-- WORK REQUEST --
Find the lines below that contain the word "antibody" and count them. Only the number should be given.

-- DATA TO USE --
============================================================

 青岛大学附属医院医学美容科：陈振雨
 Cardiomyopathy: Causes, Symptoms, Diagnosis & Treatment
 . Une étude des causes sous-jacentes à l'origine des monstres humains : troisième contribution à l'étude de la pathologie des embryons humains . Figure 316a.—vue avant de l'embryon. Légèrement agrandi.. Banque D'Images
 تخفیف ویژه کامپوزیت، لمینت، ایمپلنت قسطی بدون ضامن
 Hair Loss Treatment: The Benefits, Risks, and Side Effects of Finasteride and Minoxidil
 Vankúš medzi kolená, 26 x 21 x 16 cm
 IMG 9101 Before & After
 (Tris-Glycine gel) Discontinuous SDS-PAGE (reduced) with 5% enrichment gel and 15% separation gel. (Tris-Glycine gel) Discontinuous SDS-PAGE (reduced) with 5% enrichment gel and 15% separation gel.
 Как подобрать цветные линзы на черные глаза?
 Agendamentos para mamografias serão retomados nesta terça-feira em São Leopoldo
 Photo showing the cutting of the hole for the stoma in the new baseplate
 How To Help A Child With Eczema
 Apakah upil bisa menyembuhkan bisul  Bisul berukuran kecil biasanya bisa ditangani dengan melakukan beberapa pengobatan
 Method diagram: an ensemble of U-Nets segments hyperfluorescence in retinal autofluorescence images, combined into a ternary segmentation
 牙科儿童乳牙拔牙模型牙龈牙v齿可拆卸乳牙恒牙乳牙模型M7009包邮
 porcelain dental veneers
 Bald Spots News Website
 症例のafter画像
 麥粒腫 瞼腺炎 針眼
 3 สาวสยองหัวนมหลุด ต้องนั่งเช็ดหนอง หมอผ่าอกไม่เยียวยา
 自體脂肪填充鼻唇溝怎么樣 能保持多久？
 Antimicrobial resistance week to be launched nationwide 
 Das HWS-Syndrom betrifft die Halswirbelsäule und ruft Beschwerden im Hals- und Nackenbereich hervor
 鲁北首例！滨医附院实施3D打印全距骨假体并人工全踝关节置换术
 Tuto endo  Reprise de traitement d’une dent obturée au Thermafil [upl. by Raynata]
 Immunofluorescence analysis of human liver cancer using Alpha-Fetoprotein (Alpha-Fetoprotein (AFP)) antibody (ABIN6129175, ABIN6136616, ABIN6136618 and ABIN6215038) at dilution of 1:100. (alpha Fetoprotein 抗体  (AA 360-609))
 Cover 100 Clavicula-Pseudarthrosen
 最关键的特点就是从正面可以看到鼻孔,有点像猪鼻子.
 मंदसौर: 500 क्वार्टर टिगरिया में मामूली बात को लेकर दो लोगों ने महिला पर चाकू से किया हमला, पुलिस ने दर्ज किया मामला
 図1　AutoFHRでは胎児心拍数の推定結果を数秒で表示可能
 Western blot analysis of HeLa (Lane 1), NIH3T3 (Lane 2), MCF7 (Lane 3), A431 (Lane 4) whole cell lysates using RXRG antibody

============================================================

-- EXERCISE SOLUTION --
2